# Survival > Foraging & Wild Edibles > Bush Recipes Only >  Acorn Coffee

## skunkkiller

HAVE ANY OF YOU TRIED ACORN COFFEE ? I LOVE THE STUFF. YOU LEACH THE ACORNS FOR THREE DAY IN 3 CHANGES OF WATER OR ONE DAY IN A STREAM THEN ROAST JUST LIKE COFFEE AND MAKE JUST LIKE COFFEE. :Drool:

----------


## canid

i know of an oak just down the street that recently dropped a heavy load of acorns for it's size. i meant to hit it up for collection anyway, and this is a good idea.

----------


## Trabitha

I love coffee taste...but it's the caffeine that keeps me a comin' back.  :Wink:

----------


## hunter63

I'll probably have to try this my self, but I agree, after trying some "coffee" substitutes, they don't seem to have the kick, (no caffeine).

SK have you tried making flour with acorns?

----------


## preachtheWORD

I have also heard of thoroughly dried, baked, and ground roots from dandelion and chickory being used as a coffee substitute.  (Not to mention Kentucky Coffee Tree)
I have not tried these, but I mean to someday.

Some previous posters seem to have hit on an important point - coffee drinkers want caffeine!

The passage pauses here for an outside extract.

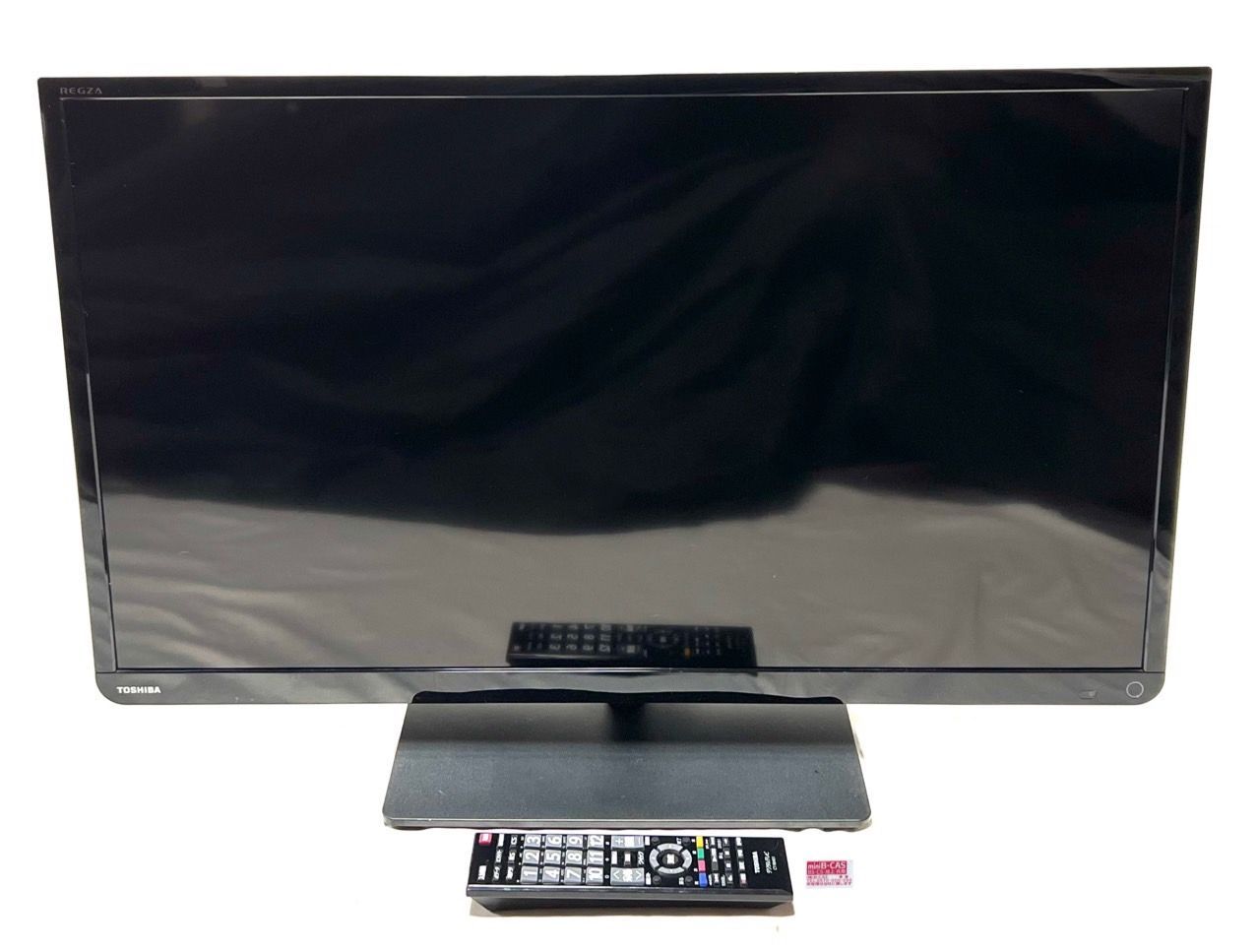 ☆ 送料無料‼ 良品 東芝 32V型 液晶 テレビ 32S8 ハイビジョン - メルカリ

So, are there any natural sources of caffeine that are readily avaiable in North America?

----------


## crashdive123

> I have also heard of thoroughly dried, baked, and ground roots from dandelion and chickory being used as a coffee substitute.  (Not to mention Kentucky Coffee Tree)
> I have not tried these, but I mean to someday.
> 
> Some previous posters seem to have hit on an important point - coffee drinkers want caffeine!
> 
> So, are there any natural sources of caffeine that are readily avaiable in North America?


http://en.wikipedia.org/wiki/Caffeine

----------


## Rick

I've done the dandelion. It's okay. It's not coffee but it will do in a pinch.

----------


## hunter63

This is the part that kills me, all the stuff that was accidentally "discovered" by some important.

Stolt directly from the site Crash posted under history of caffeine:

Quote> According to one popular Chinese legend, the Emperor of China Shennong, reputed to have reigned in about 3000 BC, accidentally discovered that when some leaves fell into boiling water, a fragrant and restorative drink resulted.[32][33][34] Shennong is also mentioned in Lu Yu's Cha Jing, a famous early work on the subject of tea.[35] The history of coffee has been recorded as far back as the ninth century....... <Quote

I'm guessing a lot of slaves died as a result of all the big shots experminting with all things"fun".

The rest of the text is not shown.